What you are asked to do: Down to the last line below, write out every line exactly, starting with the one that contains "Unexpected Alliance Shocks" and leaving out the pictures.

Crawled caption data

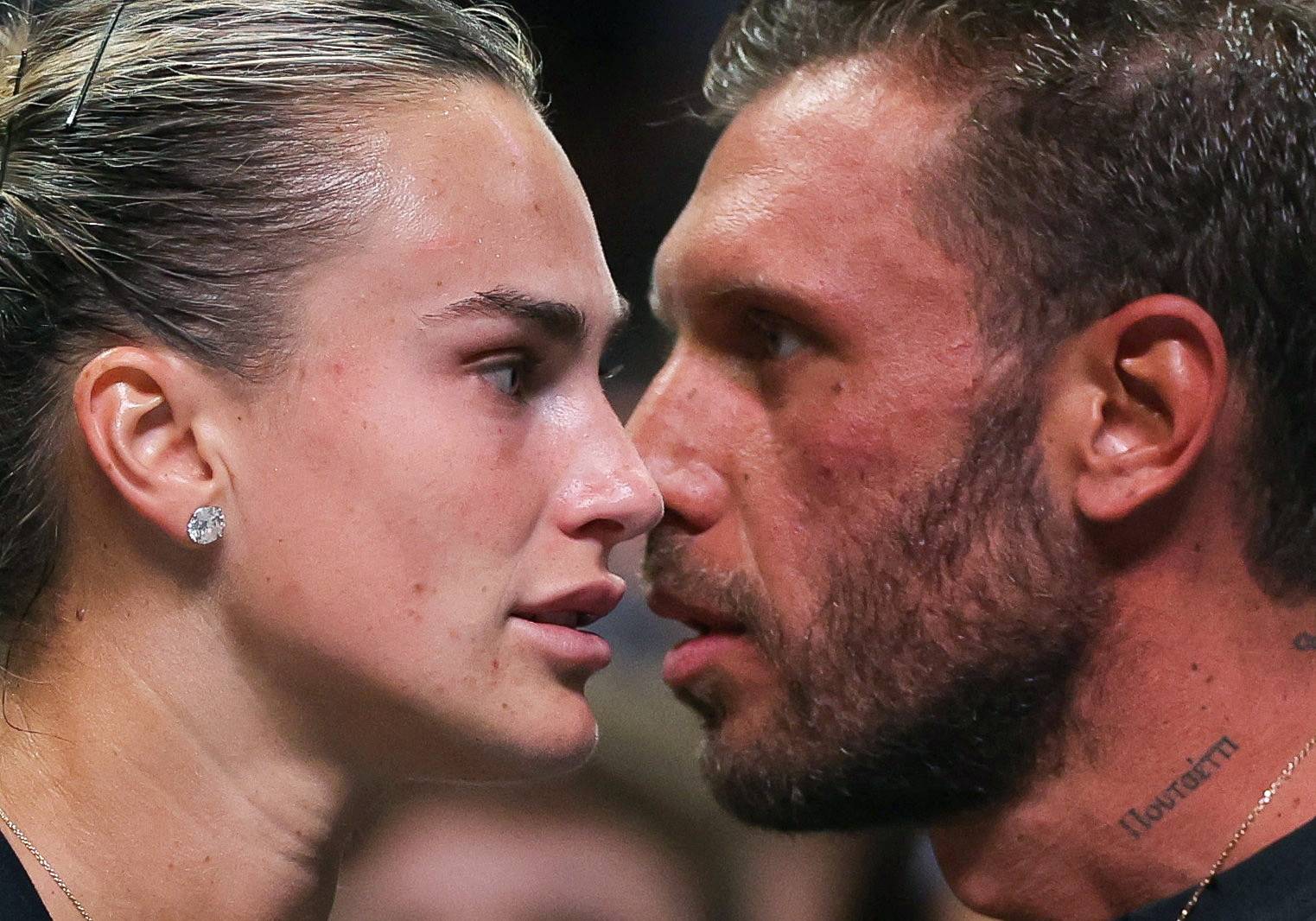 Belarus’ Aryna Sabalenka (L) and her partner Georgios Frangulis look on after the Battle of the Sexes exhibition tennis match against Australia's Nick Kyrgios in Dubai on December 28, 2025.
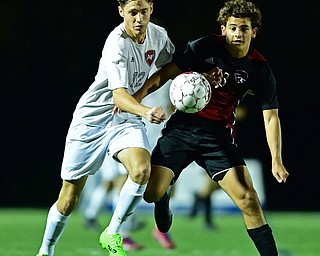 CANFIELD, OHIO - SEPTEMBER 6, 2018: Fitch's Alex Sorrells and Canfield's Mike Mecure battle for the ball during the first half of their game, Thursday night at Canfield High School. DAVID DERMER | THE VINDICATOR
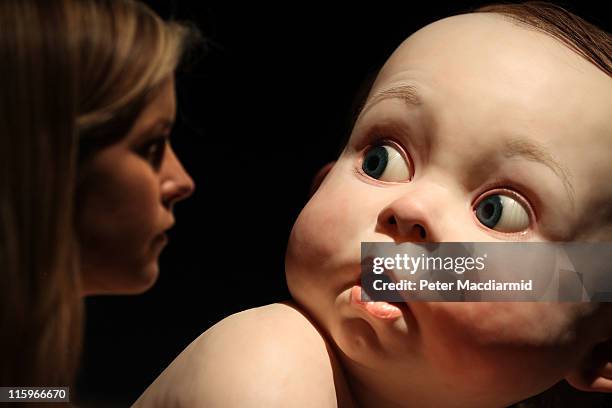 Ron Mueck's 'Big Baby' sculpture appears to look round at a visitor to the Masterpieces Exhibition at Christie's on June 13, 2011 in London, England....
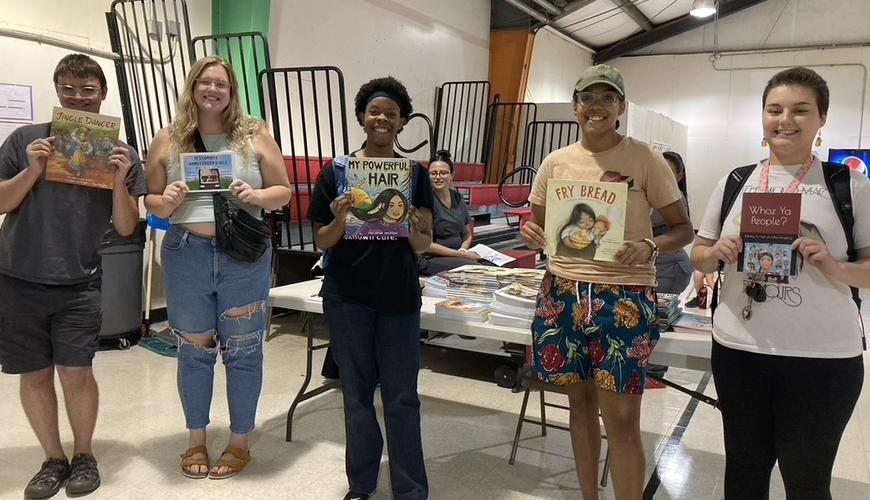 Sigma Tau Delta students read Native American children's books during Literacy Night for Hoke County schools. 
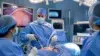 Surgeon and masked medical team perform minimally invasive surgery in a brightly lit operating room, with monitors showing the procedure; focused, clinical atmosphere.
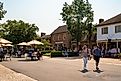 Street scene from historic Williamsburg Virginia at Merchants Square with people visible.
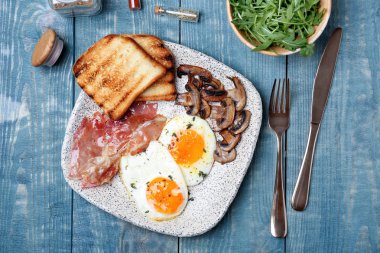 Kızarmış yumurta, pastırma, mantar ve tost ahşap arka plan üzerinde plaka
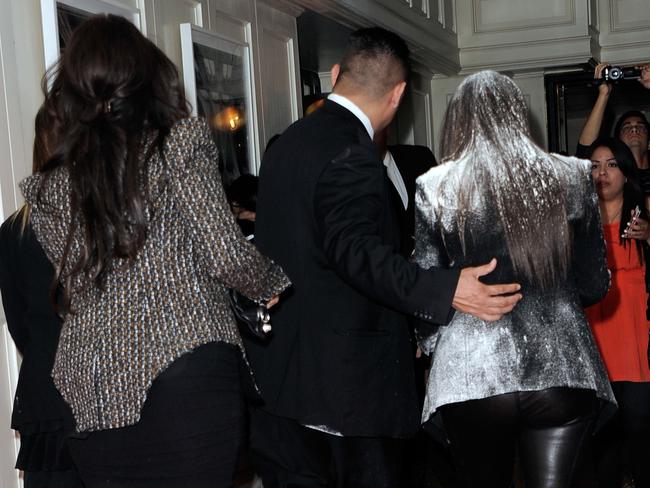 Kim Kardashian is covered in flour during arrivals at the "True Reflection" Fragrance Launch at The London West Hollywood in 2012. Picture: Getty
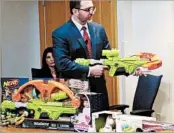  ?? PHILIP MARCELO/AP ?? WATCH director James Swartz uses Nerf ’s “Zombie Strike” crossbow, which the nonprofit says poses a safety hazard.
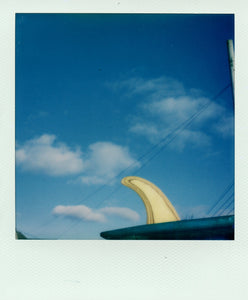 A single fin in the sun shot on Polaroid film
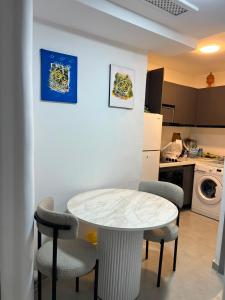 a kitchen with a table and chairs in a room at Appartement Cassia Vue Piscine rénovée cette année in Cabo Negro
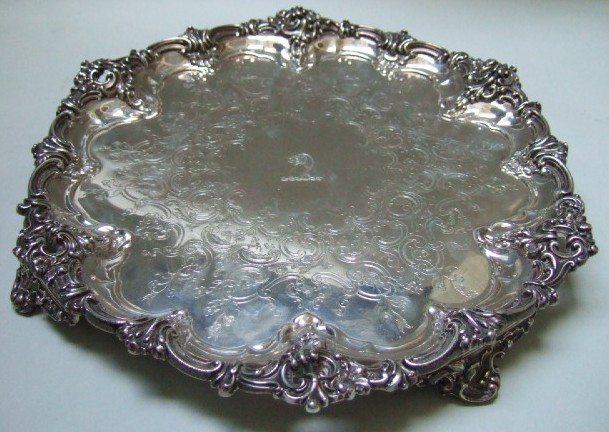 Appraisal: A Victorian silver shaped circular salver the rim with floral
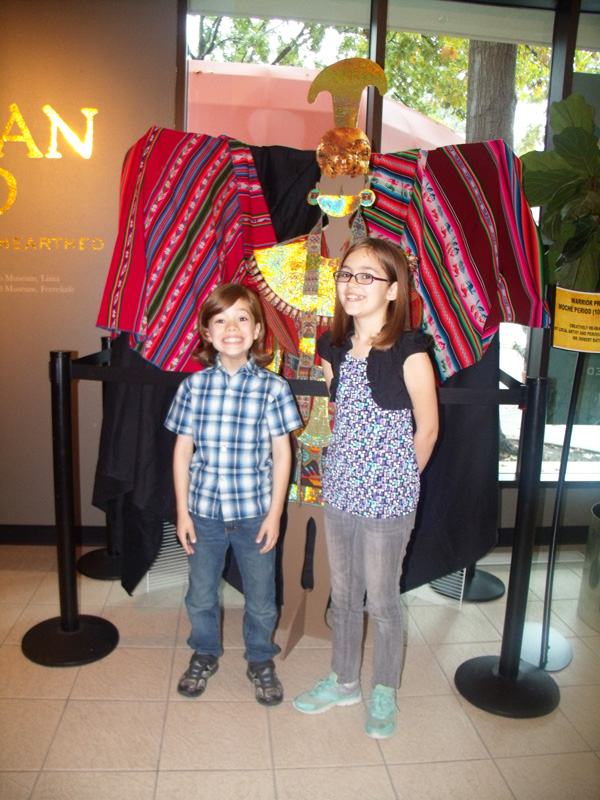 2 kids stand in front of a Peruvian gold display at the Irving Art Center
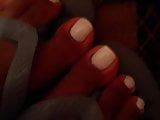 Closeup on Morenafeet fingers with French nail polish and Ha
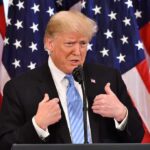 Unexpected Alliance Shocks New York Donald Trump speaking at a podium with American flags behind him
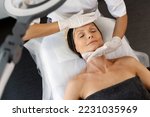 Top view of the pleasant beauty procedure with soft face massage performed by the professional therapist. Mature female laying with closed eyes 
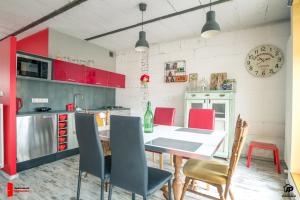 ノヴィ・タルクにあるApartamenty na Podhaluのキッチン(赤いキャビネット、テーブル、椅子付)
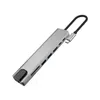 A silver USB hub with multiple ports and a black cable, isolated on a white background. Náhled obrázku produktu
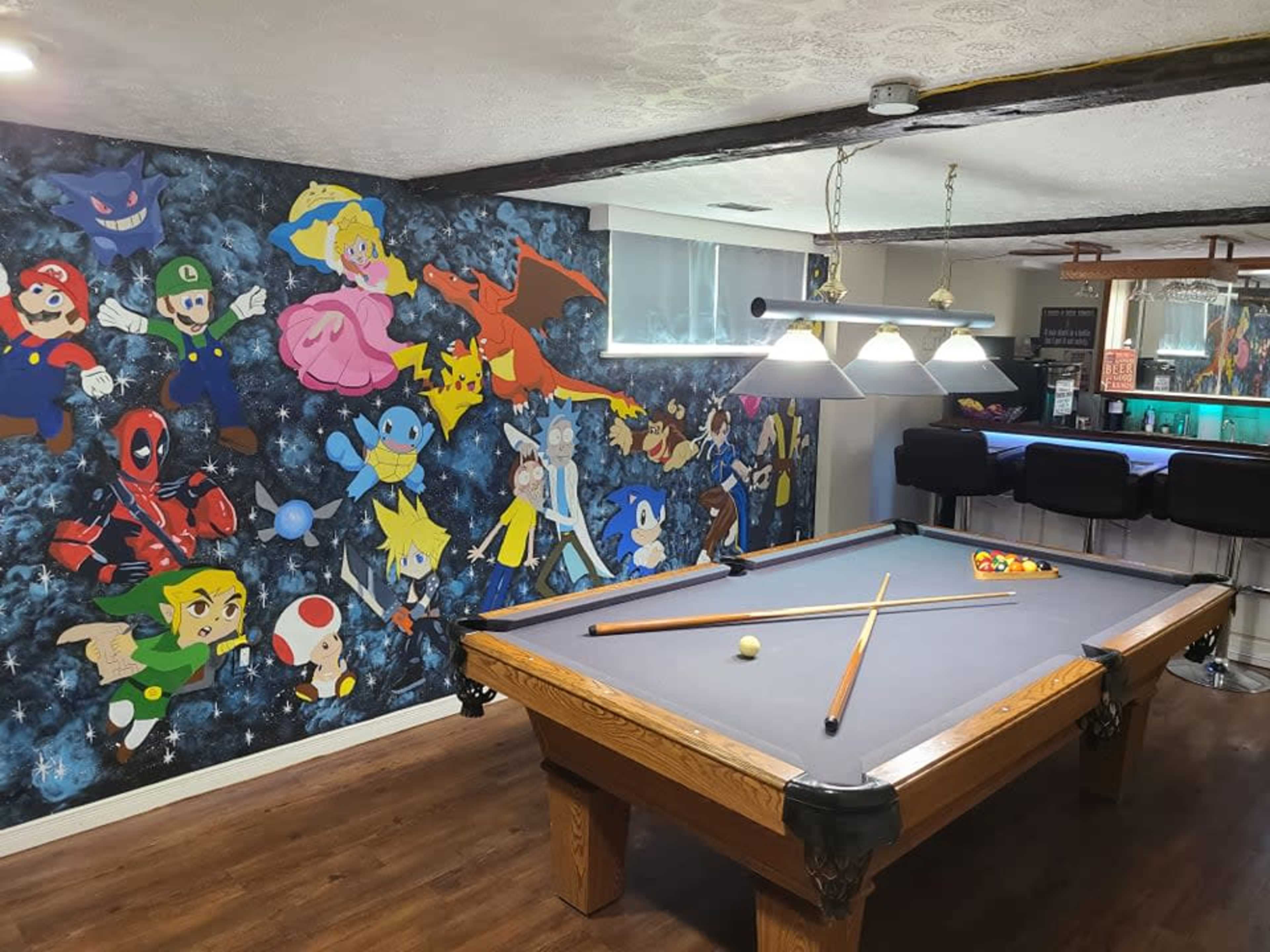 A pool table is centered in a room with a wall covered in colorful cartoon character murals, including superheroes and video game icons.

Response to this task:
 Unexpected Alliance Shocks New York Donald Trump speaking at a podium with American flags behind him
 Top view of the pleasant beauty procedure with soft face massage performed by the professional therapist. Mature female laying with closed eyes 
 ノヴィ・タルクにあるApartamenty na Podhaluのキッチン(赤いキャビネット、テーブル、椅子付)
 A silver USB hub with multiple ports and a black cable, isolated on a white background. Náhled obrázku produktu
 A pool table is centered in a room with a wall covered in colorful cartoon character murals, including superheroes and video game icons.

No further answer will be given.